Evaluate how much exercise your pet is given. Interacting with your cat for 5mins a day (age-appropriate – chat with your vet) with a feather or mice on a string can see a huge impact. This is particularly good for indoor cats. For dogs, a daily or twice daily walk or run is perfect, but again this can be breed-specific, certain breeds will require different amounts of exercise.
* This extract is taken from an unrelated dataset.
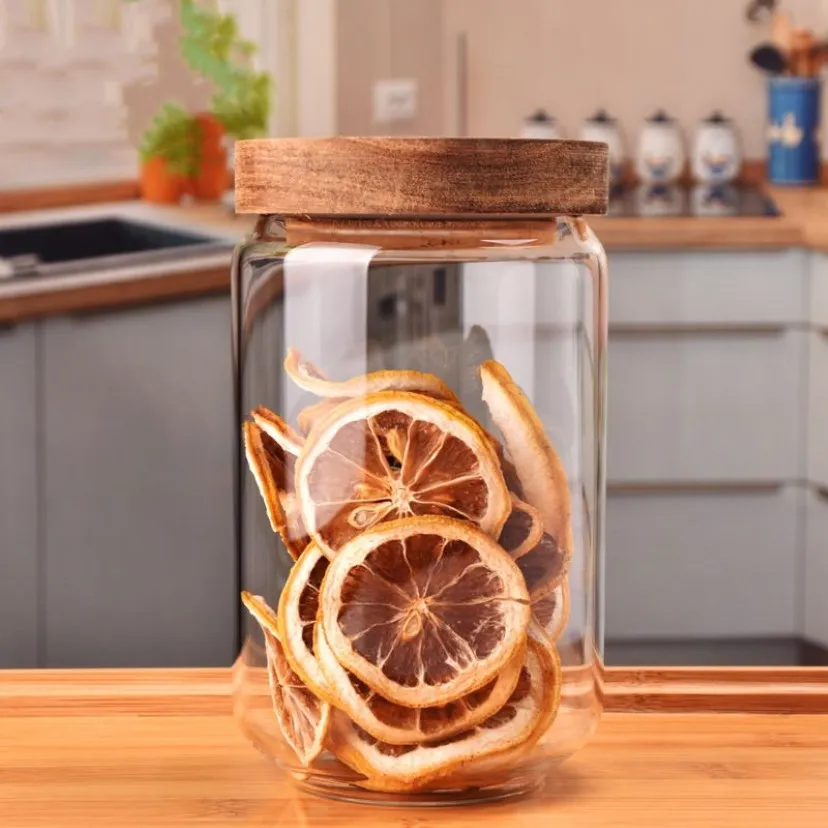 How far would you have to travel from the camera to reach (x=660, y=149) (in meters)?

The key with all exercises is to start slowly. It is advised to go from nothing to marathon running in one week this will only cause more problems and could lead to injury.

Diet Check 

A Dog That Won't Stop Eating
Image by Jocke Ekroth from Pixabay

When it comes to a pet’s weight it’s a good idea to get an in-depth look into how much food they are eating, this includes any tidbits and treats. Making a diary can help you evaluate exactly how much your pet is eating each day. Get the whole family on board and get a good clear picture of the types and amounts of food your pet is eating on a day-to-day basis. It’s also important to remember that your pet’s dry, or wet food is a ‘complete’ diet. Meaning it does not need to be added to with extra meat or foods. Also, read the manufacturer’s advice on the package. Many times, pet owners are unsuspectingly overfeeding their pets when they switch foods. 

With the right understanding and research, you can help your pet meet their required weight easily. Allowing them a quality of life and preventing heartache and pain as they age.